* Work request: Each entry in the material below should be copied without any alteration.

* The data:
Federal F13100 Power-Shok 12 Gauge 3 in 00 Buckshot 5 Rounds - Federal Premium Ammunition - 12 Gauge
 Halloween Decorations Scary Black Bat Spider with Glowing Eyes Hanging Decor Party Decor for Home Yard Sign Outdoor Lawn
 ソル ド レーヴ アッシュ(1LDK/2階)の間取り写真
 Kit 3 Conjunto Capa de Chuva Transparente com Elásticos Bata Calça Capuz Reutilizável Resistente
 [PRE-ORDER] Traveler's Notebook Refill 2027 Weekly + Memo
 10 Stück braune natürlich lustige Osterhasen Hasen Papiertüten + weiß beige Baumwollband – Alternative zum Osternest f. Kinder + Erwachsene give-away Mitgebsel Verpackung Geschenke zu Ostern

* Expected answer:
Federal F13100 Power-Shok 12 Gauge 3 in 00 Buckshot 5 Rounds - Federal Premium Ammunition - 12 Gauge
 Halloween Decorations Scary Black Bat Spider with Glowing Eyes Hanging Decor Party Decor for Home Yard Sign Outdoor Lawn
 ソル ド レーヴ アッシュ(1LDK/2階)の間取り写真
 Kit 3 Conjunto Capa de Chuva Transparente com Elásticos Bata Calça Capuz Reutilizável Resistente
 [PRE-ORDER] Traveler's Notebook Refill 2027 Weekly + Memo
 10 Stück braune natürlich lustige Osterhasen Hasen Papiertüten + weiß beige Baumwollband – Alternative zum Osternest f. Kinder + Erwachsene give-away Mitgebsel Verpackung Geschenke zu Ostern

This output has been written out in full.